Since WSL2 does not have systemd or mount /tmp with tmpfs, then it breaks the assumption. Do you know if there is a similar way to trigger this behaviour in WSL2? IE Cause certain files to be deleted? Do we need to drop an init script?

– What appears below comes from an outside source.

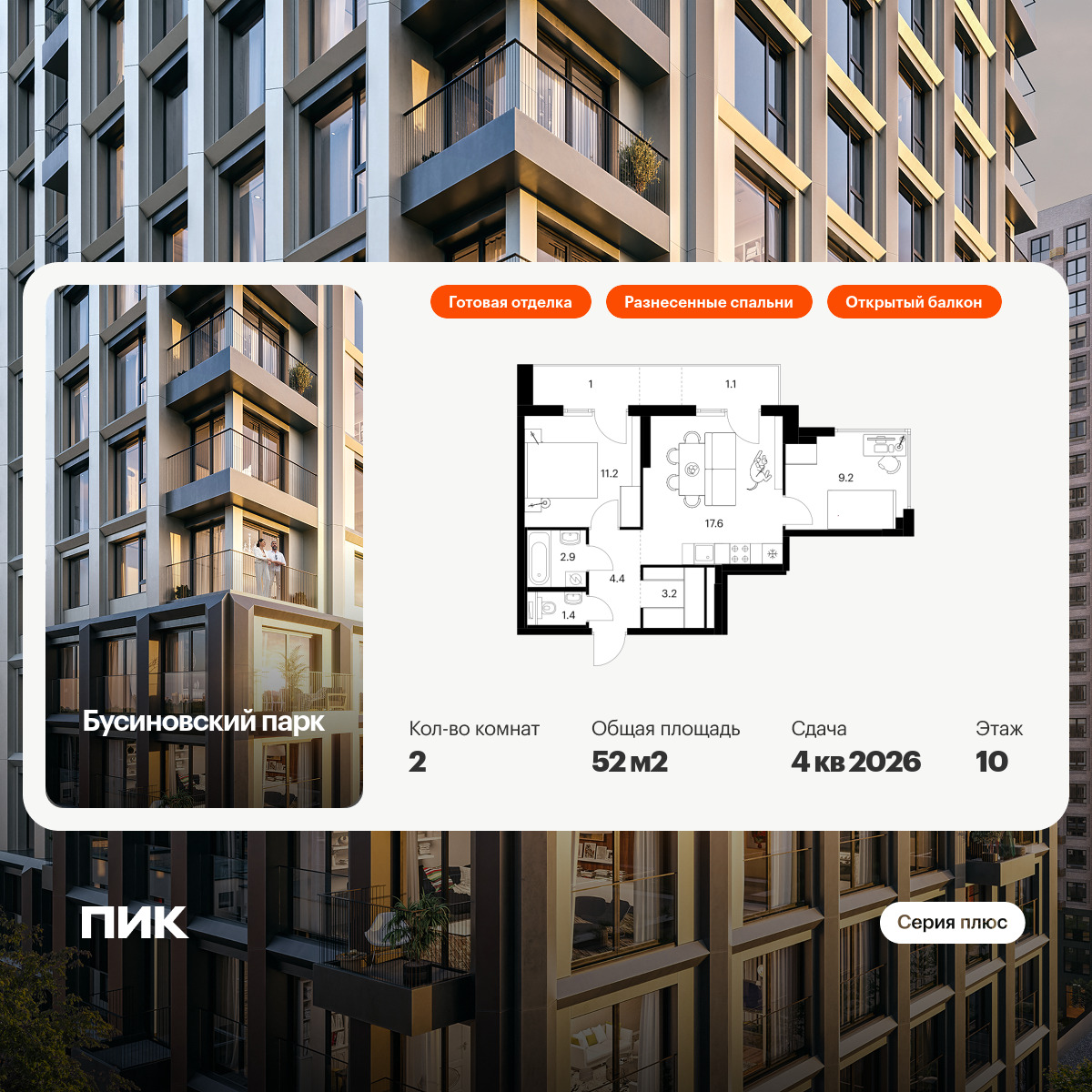 5568425.png?v=1768311802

I just encountered this issue with podman 4.0.2 on AlmaLinux 8, no WSL.

$ podman ps -a
ERRO[0000] Joining network namespace for container 96f881cd6f14891d79bdac918bd5dea8f9923d8282c6807b433ba189cec9ace2: error retrieving network namespace at /run/user/1001/netns/netns-e293186e-0dd0-326c-dbc9-2b263fcc0d1d: unknown FS magic on "/run/user/1001/netns/netns-e293186e-0dd0-326c-dbc9-2b263fcc0d1d": 1021994 
Error: error joining network namespace of container 96f881cd6f14891d79bdac918bd5dea8f9923d8282c6807b433ba189cec9ace2: error retrieving network namespace at /run/user/1001/netns/netns-e293186e-0dd0-326c-dbc9-2b263fcc0d1d: unknown FS magic on "/run/user/1001/netns/netns-e293186e-0dd0-326c-dbc9-2b263fcc0d1d": 1021994

$ podman rm --force 96f881cd6f14891d79bdac918bd5dea8f9923d8282c6807b433ba189cec9ace2
ERRO[0000] Joining network namespace for container 96f881cd6f14891d79bdac918bd5dea8f9923d8282c6807b433ba189cec9ace2: error retrieving network namespace at /run/user/1001/netns/netns-e293186e-0dd0-326c-dbc9-2b263fcc0d1d: unknown FS magic on "/run/user/1001/netns/netns-e293186e-0dd0-326c-dbc9-2b263fcc0d1d": 1021994 
ERRO[0000] container_linux.go:419: signaling init process caused: operation not permitted 
Error: cannot remove container 96f881cd6f14891d79bdac918bd5dea8f9923d8282c6807b433ba189cec9ace2 as it could not be stopped: error sending SIGKILL to container 96f881cd6f14891d79bdac918bd5dea8f9923d8282c6807b433ba189cec9ace2: operation not permitted

The containers were created by testcontainers over the Podman socket, not sure if that did anything special.

Could you update to podman 4.1 and see if this continues to happen. Please open a new issue rather then adding to a closed issue.